- [What is required]:
Copy the records exactly, leaving out every picture.

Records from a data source

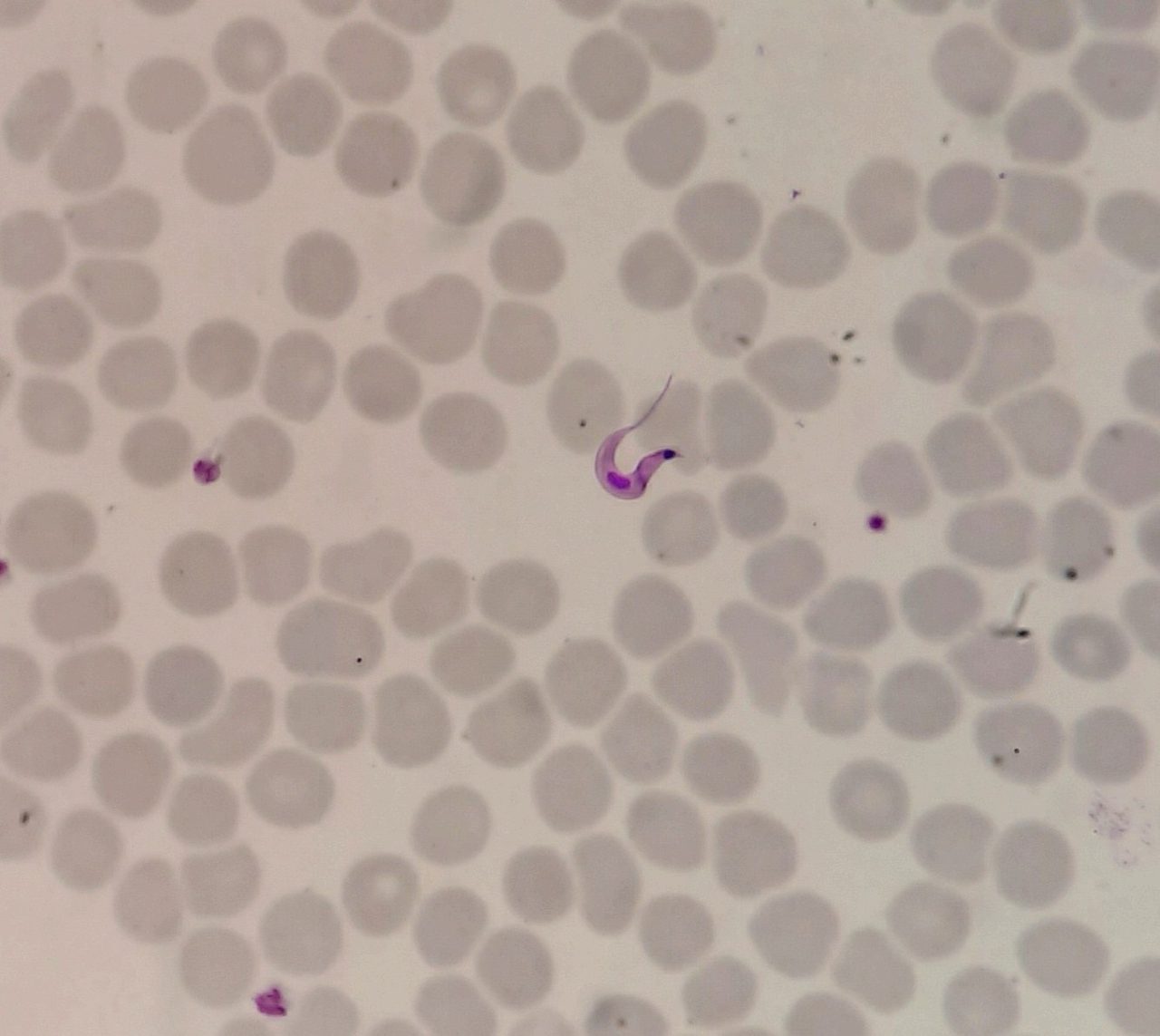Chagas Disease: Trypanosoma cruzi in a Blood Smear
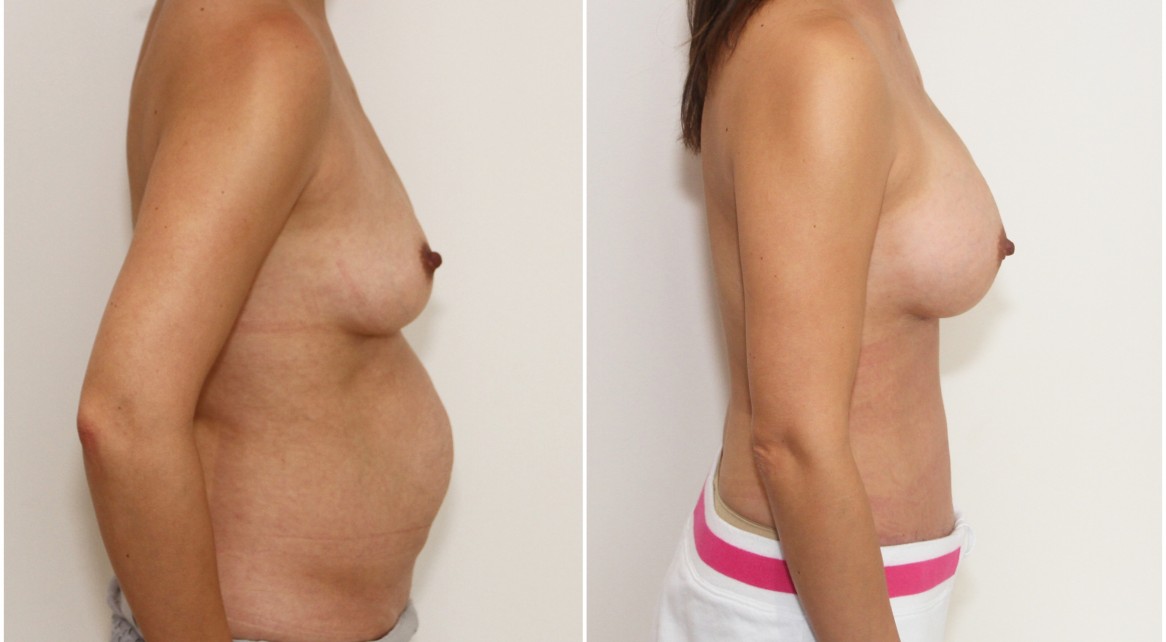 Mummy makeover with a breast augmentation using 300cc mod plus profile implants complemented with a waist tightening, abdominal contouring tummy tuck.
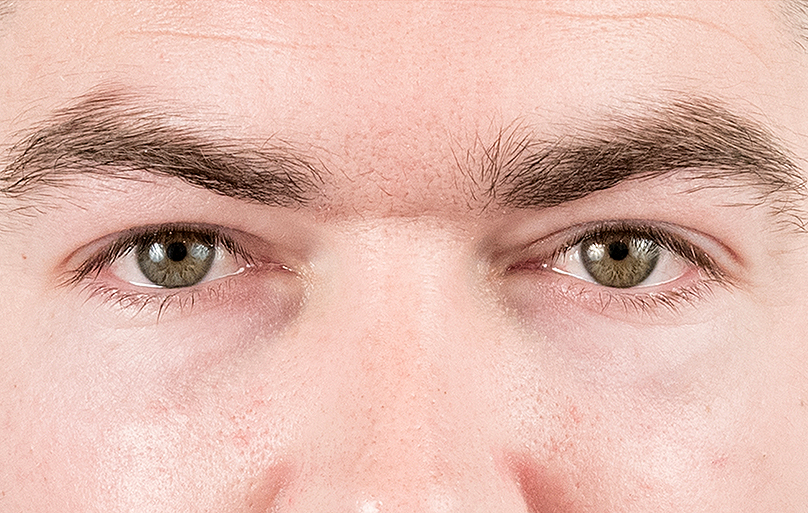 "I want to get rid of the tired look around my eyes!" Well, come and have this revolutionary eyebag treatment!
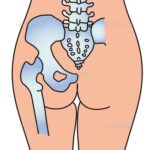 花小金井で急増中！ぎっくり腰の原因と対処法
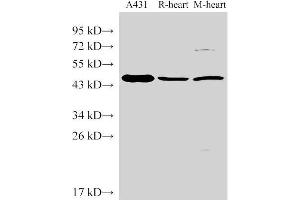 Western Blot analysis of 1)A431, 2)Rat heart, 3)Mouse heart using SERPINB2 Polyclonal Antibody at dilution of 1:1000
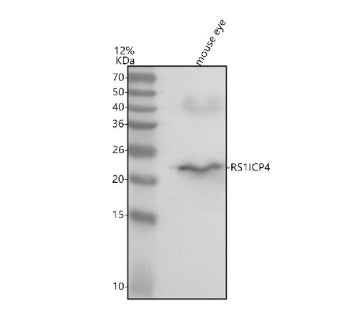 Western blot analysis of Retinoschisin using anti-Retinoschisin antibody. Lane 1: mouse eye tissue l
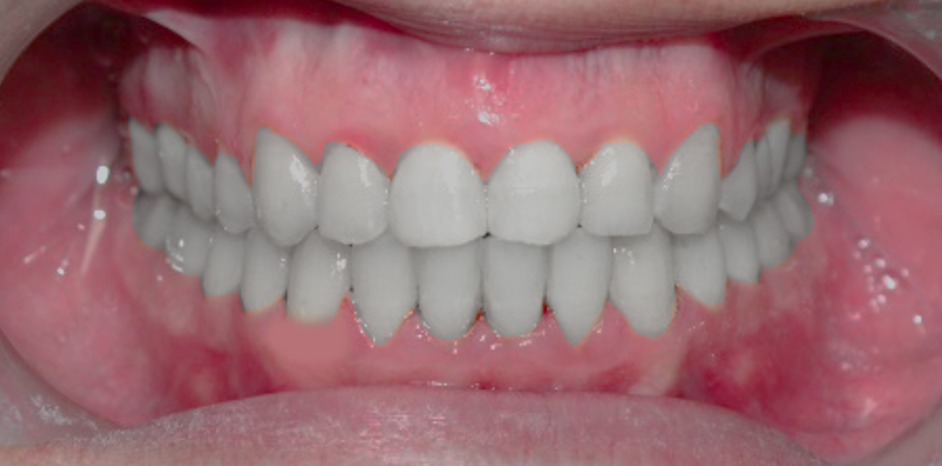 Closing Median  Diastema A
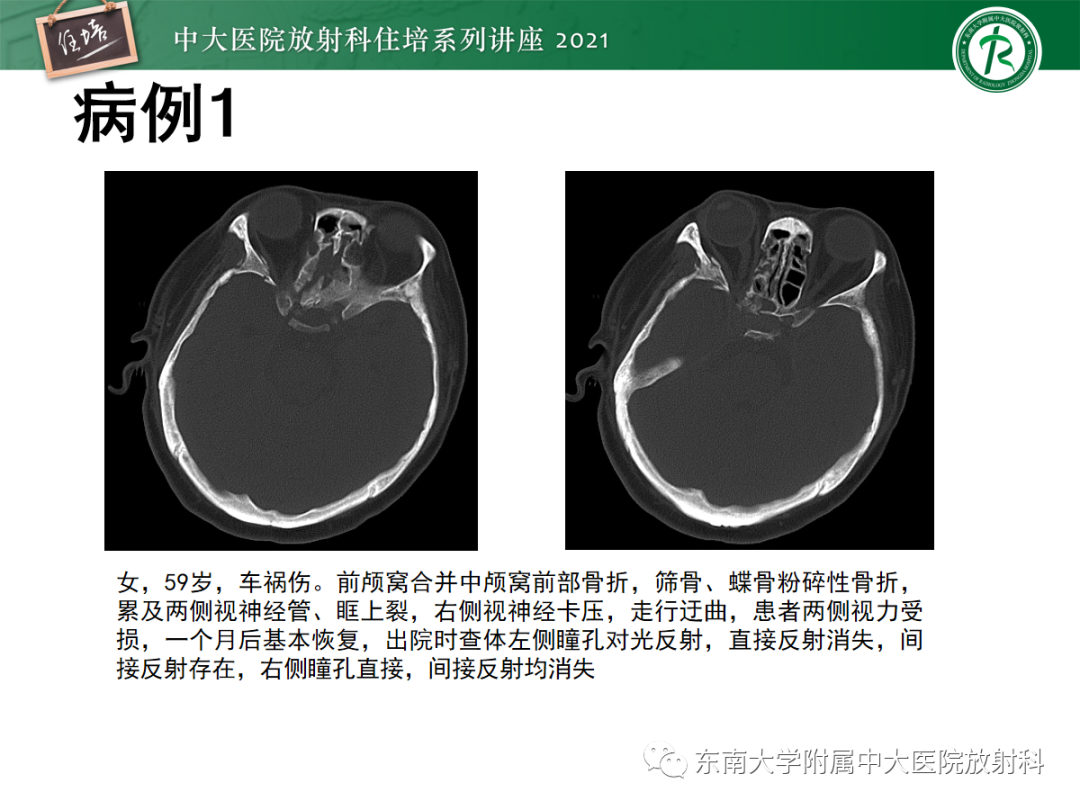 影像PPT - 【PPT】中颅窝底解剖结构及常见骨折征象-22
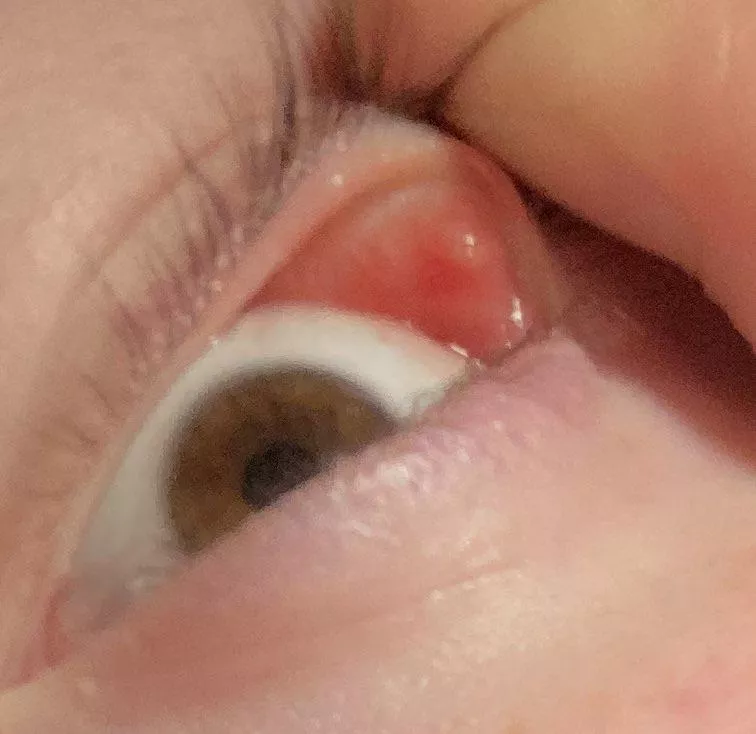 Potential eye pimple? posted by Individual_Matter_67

- [Problem solution]:
Chagas Disease: Trypanosoma cruzi in a Blood Smear
 Mummy makeover with a breast augmentation using 300cc mod plus profile implants complemented with a waist tightening, abdominal contouring tummy tuck.
 "I want to get rid of the tired look around my eyes!" Well, come and have this revolutionary eyebag treatment!
 花小金井で急増中！ぎっくり腰の原因と対処法
 Western Blot analysis of 1)A431, 2)Rat heart, 3)Mouse heart using SERPINB2 Polyclonal Antibody at dilution of 1:1000
 Western blot analysis of Retinoschisin using anti-Retinoschisin antibody. Lane 1: mouse eye tissue l
 Closing Median  Diastema A
 影像PPT - 【PPT】中颅窝底解剖结构及常见骨折征象-22
 Potential eye pimple? posted by Individual_Matter_67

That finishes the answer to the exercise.